L E ministère de la Santé travaille actuellement à l'élaboration du décret précisant les conditions d'utilisation du volet d'informations médicales de la carte à puce individuelle Vitale 2.
D'abord prévue avant l'été, la parution de ce décret pourrait être retardée pour tenir compte du projet de loi de modernisation sanitaire (examiné au printemps par le Parlement), qui traitera notamment du droit d'accès des malades à leur dossier médical.

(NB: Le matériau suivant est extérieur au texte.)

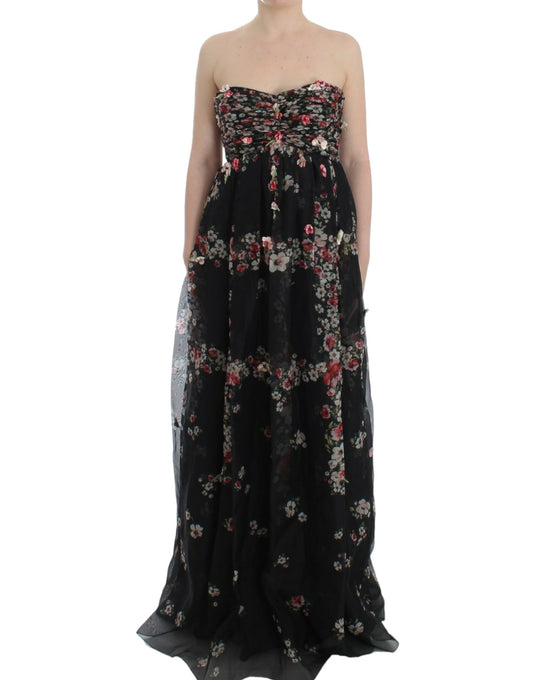 Dolce & Gabbana Elegant Strapless Silk Maxi Dress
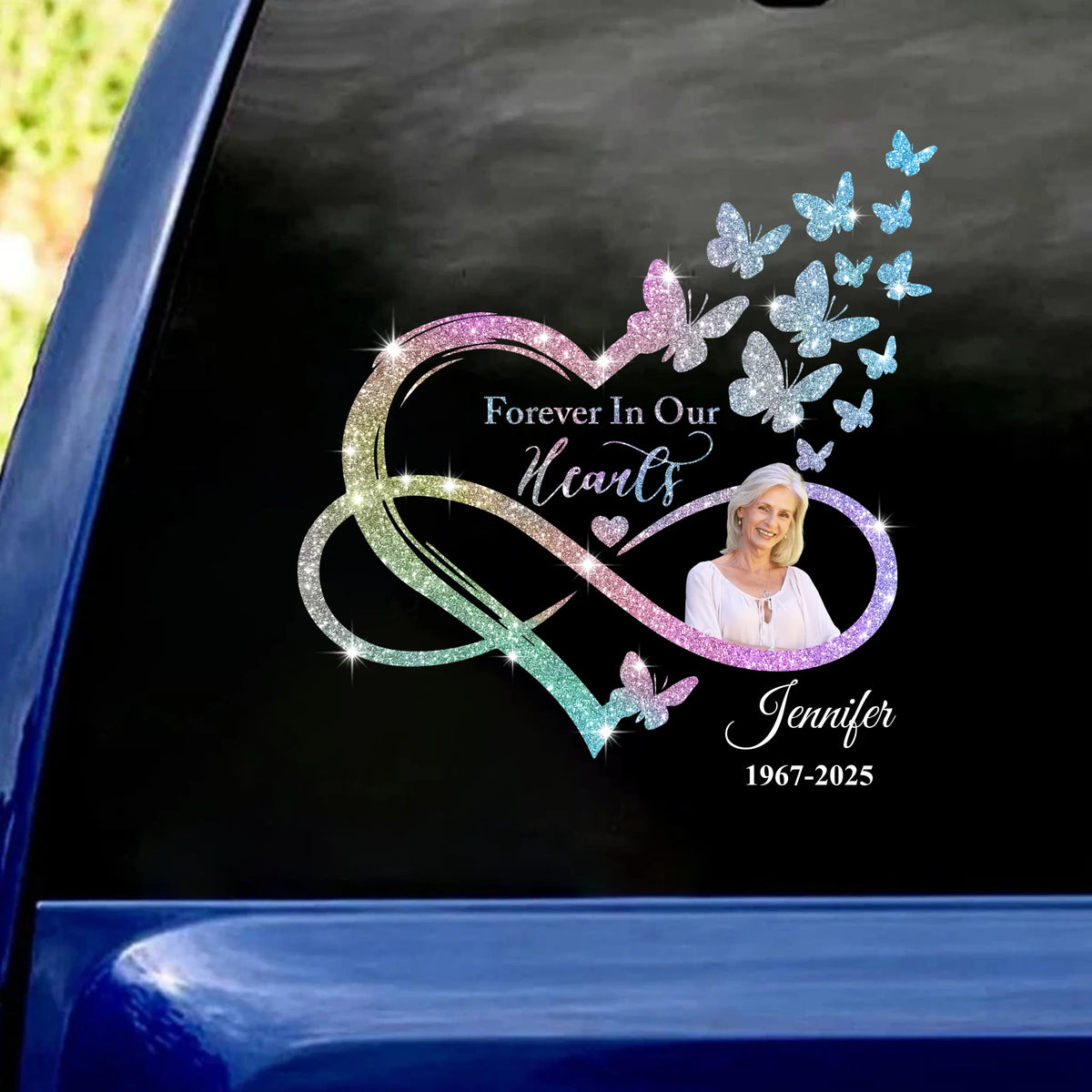 In Loving Memory Gift, Forever In Our Hearts - Personalized Decal, Memorial Gift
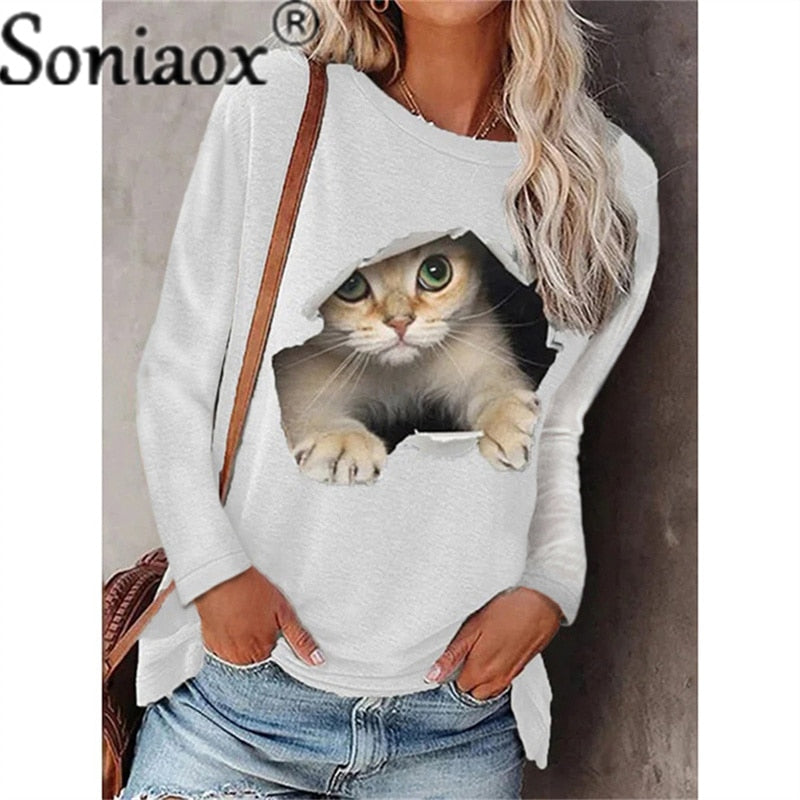 Women Long Sleeve Casual T-Shirt New Autumn O-Neck Printed Loose Tops Cartoons Funny Cats T-Shirt Fashion Lady Streetwear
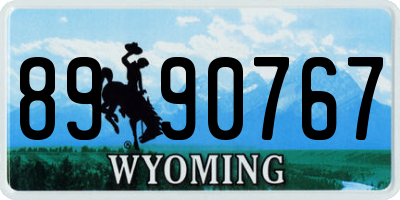 WY license plate 8990767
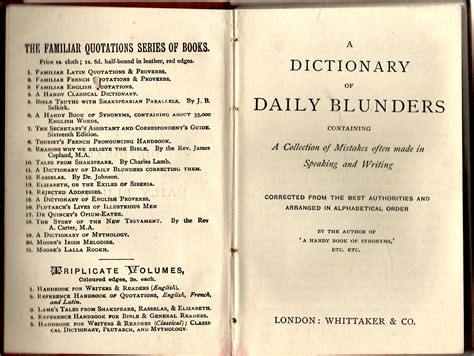 A Victorian Dictionary Of Blunders C 1888 Jot101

La Commission nationale de l'informatique et des libertés (CNIL) et le Conseil national de l'Ordre des médecins doivent rendre un avis public et motivé sur le projet de décret. C'est pourquoi l'Ordre national invite aujourd'hui les médecins, dans son dernier « Bulletin » en date, à lui donner par écrit leurs « remarques et suggestions » sur la conception et la mise en uvre du volet santé de Vitale 2. L'Ordre entend donc appliquer le principe de la démocratie directe après avoir été critiqué sur son projet de fusion de la carte ordinale avec la carte à puce du professionnel de santé (CPS), utilisée pour signer électroniquement des documents informatisés, en particulier les feuilles de soins électroniques télétransmises aux caisses d'assurance-maladie.
Sept zones
L'article 36 de la loi du 27 juillet 1999 (sur la couverture maladie universelle) a déjà précisé les principales caractéristiques du volet santé de la carte individuelle Vitale 2, qui devrait être diffusée progressivement sur tout le territoire à partir de la fin de 2003. Ce volet médical contiendra les « informations nécessaires aux interventions urgentes ainsi que les éléments permettant la continuité et la coordination des soins ».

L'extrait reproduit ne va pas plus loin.